Random iPad Thoughts

Here are some quick, half-formed thoughts about iPad which go with my last entry, iPad: Star Trek-level Shit Going On. Further posts will actually be more coherent, as I’m trying to rapidly prototype my thinking about iPad.

  1. Two disturbingly negative examples of legacy organizations struggling with how to deal with channel distribution in the iPad world:
    Turf War at the New York Times: Who Will Control the iPad?:

    On one side, a Times source explains, you have print circulation, which thinks it should control the iPad since it’s just another way to distribute the paper. They’d like to charge $20 to $30 per month for the Times‘ forthcoming iPad app, basically the product already demonstrated on stage with Steve Jobs, the source said. Why so much? Because they’re said to be afraid people will cancel the print paper if they can get the same thing on their iPad. Nevermind that iPad distribution comes with none of the paper or delivery costs associated with print, or that there’s already a free electronic edition available to subscribers who cancel.

    Will You Pay for Hulu on the iPad? It May Be Your Only Choice.

    And if Hulu decides to define the iPad as a mobile device, it would also need its content owners to grant it mobile rights, which it doesn’t actually have. Again, doable. But the broadcasters are already making money from other mobile services, like Verizon’s V Cast. So they have to tread carefully.

    What is most frustrating is that I would pay for both Hulu and The New York Times on iPad, but I fear that price expectations from legacy organizations will limit the total uptake (especially since magazines are double-downing on print). iPad versions of the NYTimes should be less than home delivery due to lower overhead (no delivery or printing cost) and Hulu should look to Netflix for their pricing model, $10 a month feels right for content I can get over-the-air for free but with the added convenience of time-shifting; additional advertising should be limited, or eliminated, for any paid subscription fee and bonuses such as full program catalogs would go a long way.
    The problem is that those in charge of both newspapers and television fundamentally don’t understand that iPad, while acting as another channel, will increase their market size and consumption habits through the form factor and ease-of-use. In the case of Hulu, the idiocy of parsing mobile versus laptop screen versus boxee-augmented television screen is breathtaking. These three object are merely different sized screens for viewing content – content that we would gladly pay through subscriptions or advertisements.

  2. Books in the Age of the iPad:

    I want to look at where printed books stand in respect to digital publishing, why we historically haven’t read long-form text on screens and how the iPad is wedging itself in the middle of everything. In doing so I think we can find the line in the sand to define when content should be printed or digitized.

    Most interesting part: content as Formless Content or Definite Content.

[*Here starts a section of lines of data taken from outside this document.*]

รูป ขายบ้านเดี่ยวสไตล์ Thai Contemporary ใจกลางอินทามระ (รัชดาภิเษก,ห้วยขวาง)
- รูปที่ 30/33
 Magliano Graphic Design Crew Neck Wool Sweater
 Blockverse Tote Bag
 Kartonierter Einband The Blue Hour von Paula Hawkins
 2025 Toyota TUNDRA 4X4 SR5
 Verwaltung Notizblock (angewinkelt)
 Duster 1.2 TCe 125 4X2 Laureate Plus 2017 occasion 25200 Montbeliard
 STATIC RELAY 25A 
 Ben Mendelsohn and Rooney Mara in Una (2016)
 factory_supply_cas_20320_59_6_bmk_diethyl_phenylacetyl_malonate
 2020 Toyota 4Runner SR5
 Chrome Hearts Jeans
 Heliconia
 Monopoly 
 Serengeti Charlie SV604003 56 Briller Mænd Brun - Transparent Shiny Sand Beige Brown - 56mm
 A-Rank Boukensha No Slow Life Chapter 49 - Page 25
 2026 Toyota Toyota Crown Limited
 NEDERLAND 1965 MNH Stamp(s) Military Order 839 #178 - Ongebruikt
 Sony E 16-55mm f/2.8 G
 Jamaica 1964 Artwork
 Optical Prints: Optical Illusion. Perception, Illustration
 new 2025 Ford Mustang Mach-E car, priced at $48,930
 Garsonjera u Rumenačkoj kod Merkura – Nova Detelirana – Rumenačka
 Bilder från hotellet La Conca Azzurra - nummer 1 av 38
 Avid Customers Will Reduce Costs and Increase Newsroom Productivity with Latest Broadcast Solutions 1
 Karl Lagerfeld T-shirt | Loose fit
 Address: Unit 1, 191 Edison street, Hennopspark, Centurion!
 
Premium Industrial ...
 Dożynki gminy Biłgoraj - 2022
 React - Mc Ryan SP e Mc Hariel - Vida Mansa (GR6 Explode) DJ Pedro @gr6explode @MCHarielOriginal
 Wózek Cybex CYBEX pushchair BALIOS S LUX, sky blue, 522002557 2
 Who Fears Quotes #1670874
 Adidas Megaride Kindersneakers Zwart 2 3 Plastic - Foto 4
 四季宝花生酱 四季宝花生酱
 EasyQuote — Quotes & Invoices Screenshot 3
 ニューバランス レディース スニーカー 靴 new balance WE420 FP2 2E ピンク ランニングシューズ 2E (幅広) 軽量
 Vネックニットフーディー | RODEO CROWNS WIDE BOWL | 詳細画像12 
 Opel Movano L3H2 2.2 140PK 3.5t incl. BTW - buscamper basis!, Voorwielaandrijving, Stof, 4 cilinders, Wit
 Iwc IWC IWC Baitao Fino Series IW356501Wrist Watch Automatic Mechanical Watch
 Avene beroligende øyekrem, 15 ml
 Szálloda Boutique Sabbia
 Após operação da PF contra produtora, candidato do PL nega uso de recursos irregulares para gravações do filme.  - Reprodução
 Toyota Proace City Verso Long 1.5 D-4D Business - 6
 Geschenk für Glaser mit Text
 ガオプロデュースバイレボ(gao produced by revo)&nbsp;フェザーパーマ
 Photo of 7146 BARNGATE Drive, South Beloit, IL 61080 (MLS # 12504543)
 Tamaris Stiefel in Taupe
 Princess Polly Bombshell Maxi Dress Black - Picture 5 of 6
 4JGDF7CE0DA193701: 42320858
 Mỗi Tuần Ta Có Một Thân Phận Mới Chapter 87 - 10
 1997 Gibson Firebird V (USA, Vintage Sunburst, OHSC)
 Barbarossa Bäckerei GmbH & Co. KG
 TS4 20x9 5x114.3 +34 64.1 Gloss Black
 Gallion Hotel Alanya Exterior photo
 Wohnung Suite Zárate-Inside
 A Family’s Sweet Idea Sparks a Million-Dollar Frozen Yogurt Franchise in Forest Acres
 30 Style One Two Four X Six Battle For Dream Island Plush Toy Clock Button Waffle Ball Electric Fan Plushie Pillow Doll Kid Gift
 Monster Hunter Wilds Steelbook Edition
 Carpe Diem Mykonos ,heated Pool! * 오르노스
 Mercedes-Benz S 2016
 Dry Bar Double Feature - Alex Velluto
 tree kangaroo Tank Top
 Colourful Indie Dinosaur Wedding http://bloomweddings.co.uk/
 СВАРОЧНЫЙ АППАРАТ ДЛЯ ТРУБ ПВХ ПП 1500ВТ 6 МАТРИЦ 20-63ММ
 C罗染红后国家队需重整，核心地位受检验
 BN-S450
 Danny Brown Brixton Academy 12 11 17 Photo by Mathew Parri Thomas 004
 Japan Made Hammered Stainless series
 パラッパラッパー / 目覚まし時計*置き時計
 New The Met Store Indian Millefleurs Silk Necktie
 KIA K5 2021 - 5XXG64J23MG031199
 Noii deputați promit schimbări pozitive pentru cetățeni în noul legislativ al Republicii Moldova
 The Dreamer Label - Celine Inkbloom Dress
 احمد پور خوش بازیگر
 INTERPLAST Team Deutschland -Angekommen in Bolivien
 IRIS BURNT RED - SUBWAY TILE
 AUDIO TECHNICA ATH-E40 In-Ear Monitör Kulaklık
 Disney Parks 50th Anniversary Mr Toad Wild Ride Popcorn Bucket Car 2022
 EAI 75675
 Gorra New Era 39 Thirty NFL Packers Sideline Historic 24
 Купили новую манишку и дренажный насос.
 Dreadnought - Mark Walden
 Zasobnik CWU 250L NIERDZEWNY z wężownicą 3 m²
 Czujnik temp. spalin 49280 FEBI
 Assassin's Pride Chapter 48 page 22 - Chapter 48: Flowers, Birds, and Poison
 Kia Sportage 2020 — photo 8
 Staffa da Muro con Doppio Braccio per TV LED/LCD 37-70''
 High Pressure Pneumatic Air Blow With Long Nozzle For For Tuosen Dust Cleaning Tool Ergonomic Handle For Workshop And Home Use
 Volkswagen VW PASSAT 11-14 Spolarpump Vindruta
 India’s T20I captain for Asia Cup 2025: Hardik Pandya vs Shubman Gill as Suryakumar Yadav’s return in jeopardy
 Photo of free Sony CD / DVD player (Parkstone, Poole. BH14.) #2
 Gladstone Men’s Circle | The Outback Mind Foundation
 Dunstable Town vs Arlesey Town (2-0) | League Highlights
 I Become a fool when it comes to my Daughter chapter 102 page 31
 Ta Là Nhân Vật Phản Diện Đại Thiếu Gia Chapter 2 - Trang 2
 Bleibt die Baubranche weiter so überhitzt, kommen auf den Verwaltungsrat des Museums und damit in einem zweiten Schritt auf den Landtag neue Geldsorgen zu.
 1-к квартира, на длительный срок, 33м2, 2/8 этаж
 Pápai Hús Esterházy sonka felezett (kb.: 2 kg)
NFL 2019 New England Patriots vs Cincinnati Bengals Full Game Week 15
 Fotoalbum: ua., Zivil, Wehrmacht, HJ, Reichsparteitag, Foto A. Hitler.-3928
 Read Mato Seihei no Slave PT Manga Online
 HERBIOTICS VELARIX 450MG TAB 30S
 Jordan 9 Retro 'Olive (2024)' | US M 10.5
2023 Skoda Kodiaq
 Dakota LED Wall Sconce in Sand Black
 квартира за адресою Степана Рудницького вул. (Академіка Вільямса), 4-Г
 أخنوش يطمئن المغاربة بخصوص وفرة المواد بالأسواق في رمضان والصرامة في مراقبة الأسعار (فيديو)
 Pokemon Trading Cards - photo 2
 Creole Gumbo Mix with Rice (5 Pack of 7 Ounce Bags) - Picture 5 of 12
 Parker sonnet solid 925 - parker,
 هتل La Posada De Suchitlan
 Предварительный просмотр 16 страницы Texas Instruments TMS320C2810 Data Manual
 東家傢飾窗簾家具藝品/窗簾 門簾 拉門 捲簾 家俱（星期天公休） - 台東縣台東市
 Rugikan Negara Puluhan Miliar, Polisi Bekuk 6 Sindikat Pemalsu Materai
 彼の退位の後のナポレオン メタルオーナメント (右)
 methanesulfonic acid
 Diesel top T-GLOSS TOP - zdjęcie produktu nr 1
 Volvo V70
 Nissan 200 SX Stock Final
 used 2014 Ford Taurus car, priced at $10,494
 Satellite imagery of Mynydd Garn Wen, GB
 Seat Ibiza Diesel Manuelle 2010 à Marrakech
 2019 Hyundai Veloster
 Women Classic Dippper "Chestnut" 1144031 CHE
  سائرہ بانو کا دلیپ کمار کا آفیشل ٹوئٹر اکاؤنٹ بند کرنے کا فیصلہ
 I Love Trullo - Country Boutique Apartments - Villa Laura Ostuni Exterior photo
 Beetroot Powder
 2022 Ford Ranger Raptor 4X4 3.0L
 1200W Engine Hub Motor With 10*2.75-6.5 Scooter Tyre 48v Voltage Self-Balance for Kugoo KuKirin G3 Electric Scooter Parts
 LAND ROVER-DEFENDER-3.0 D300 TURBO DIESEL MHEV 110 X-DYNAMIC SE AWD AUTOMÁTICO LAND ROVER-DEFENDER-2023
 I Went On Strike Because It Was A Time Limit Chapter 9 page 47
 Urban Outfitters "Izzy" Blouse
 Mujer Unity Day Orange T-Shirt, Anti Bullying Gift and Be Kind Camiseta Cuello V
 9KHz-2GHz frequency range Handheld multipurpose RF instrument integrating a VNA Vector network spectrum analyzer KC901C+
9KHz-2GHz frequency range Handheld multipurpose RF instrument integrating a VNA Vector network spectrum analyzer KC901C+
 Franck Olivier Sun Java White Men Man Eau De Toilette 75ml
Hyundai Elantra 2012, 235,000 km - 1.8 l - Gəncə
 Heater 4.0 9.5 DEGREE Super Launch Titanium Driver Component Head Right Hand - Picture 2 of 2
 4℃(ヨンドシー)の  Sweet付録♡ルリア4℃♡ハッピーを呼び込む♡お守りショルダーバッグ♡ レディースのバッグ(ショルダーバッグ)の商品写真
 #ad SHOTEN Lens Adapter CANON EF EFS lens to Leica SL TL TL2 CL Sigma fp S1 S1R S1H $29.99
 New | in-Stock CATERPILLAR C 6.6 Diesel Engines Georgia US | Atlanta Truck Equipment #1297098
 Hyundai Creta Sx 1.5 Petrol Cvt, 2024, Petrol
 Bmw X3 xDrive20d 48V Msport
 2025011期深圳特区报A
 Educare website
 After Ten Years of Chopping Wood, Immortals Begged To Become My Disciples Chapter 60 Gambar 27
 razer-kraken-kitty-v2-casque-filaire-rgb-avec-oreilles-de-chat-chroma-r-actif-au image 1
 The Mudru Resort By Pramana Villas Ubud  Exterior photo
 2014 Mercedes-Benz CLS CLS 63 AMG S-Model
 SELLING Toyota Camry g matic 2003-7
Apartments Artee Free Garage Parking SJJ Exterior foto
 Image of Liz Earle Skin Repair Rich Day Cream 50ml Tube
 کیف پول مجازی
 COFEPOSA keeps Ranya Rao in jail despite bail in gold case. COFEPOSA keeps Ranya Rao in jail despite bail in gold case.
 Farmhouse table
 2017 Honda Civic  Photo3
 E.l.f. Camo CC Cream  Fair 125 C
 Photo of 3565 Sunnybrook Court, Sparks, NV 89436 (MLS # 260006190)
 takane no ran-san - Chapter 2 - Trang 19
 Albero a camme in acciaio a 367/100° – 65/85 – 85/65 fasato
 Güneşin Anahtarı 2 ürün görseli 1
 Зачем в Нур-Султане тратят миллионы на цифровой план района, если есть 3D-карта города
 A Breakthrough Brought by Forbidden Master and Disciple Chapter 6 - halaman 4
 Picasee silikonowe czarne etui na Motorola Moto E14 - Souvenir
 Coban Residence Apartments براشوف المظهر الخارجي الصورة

  3. Initial thoughts on how to design applications: Matt Gemmell on iPad Application Design. Very interesting thought on user interface changes and tactics for the iPad world.
  4. A Flickr set with all of the iPad UI Conventions shown in public advertisements and demonstrations. Zapruder-like beauty of collection.

I still believe that iPad will be a revolutionary device, especially concerning how we interact with data and place.